On January 23, the Chairman of the Commodity Futures Trading Commission (“CFTC”), Rostin Behnam, announced in his keynote speech at the Commodity Markets Council’s annual conference that the CFTC “can play a role in voluntary carbon markets.” This is not the first time that the CFTC has publicly stated that it is considering its role vis-a-vis regulation of voluntary carbon markets (“VCMs”) or compliance carbon markets (“CCMs”), but it is the first time that the CFTC Chair has articulated a clear action plan for regulation. According to Chairman Behnam, carbon markets "must have integrity and adhere to basic market regulatory requirements."  

Chairman Behnam’s comments are significant for a number of reasons.

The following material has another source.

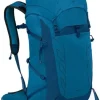 Osprey Talon 33 Rucksack - Scoria Blue-Night Shift Hot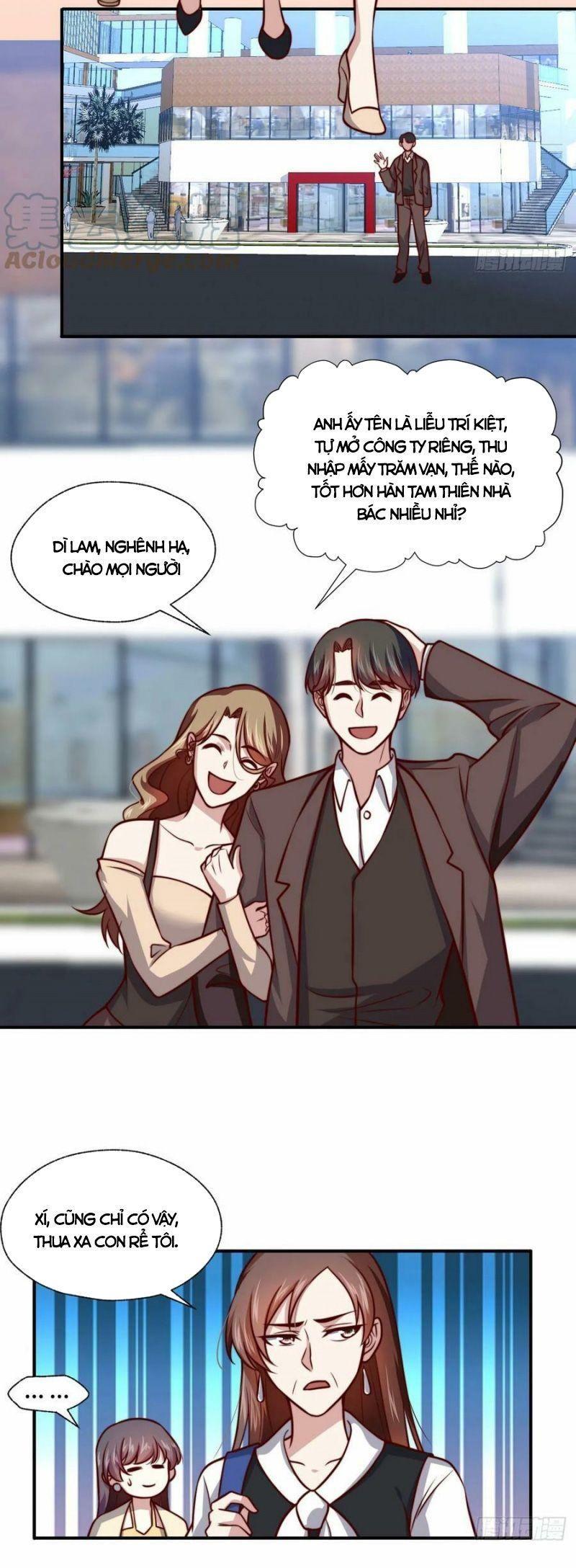 Ta Là Hàn Tam Thiên Chapter 106 - Trang 7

First, the comments confirm the CFTC's authority to “play a role” in VCMs because carbon itself, as well as carbon and other environmental offsets, credits and allowances, generally are considered “commodities” as defined in § 1a(9) of the Commodity Exchange Act of 1936 (“CEA”) and as explained in CFTC and Securities and Exchange Commission (“SEC”) guidance. As a “commodity,” transactions involving carbon or carbon offsets as VCMs are subject to CFTC’s anti-fraud and anti-manipulation enforcement jurisdiction. 

Second, because VCMs and CCMs are commodities markets, the CFTC not only “can” but is bound to police these markets pursuant to the CEA. In fact, a group of U.S. senators wrote to the CFTC in October 2022 directing the CFTC to take “concrete steps to implement rules governing the voluntary carbon offsets market, also referred to as carbon credits.” 

Third, commodities originating in VCMs and CCMs are now also traded as listed futures and options contracts on CFTC-regulated designated contract markets – i.e., commodity exchanges. For example, the CME Group lists futures on California carbon allowances as well as Regional Greenhouse Gas Initiative CO2 allowances, and the ICE and Nodal exchanges list futures on commodities also traded on VCMs and CCMs in the U.S. and globally. Because futures and options on commodities qualify as contracts for future delivery (such as derivatives), the CFTC under the CEA not only has a role but also exclusive enforcement authority in these markets. Indeed, Chairman Behnam states that in these markets the CFTC’s “responsibility is real.”

Fourth, in light of recent COP27 announcements, as well as the goals of the White House National Climate Task Force, the U.S. government will have to become more actively involved in further development of VCMs and CCMs, and the CFTC would have to play a key role in these efforts, especially if there will be some form of a national cap-and-trade scheme. The CFTC has already taken steps to define its regulatory role in these markets.

So what does this all mean? There are two likely outcomes for the immediate future: (a) the CFTC’s division of enforcement will become more active in prosecuting fraud and manipulation in commodity or cash VCMs and CCMs (e.g., greenwashing, or fraud in claiming reduction in carbon capture or reduction), as well as in related exchange or OTC-traded derivatives markets, and (b) the CFTC will become more involved in regulation of these markets in the U.S. in coordination with other regulators and global initiatives (e.g., IOSCO).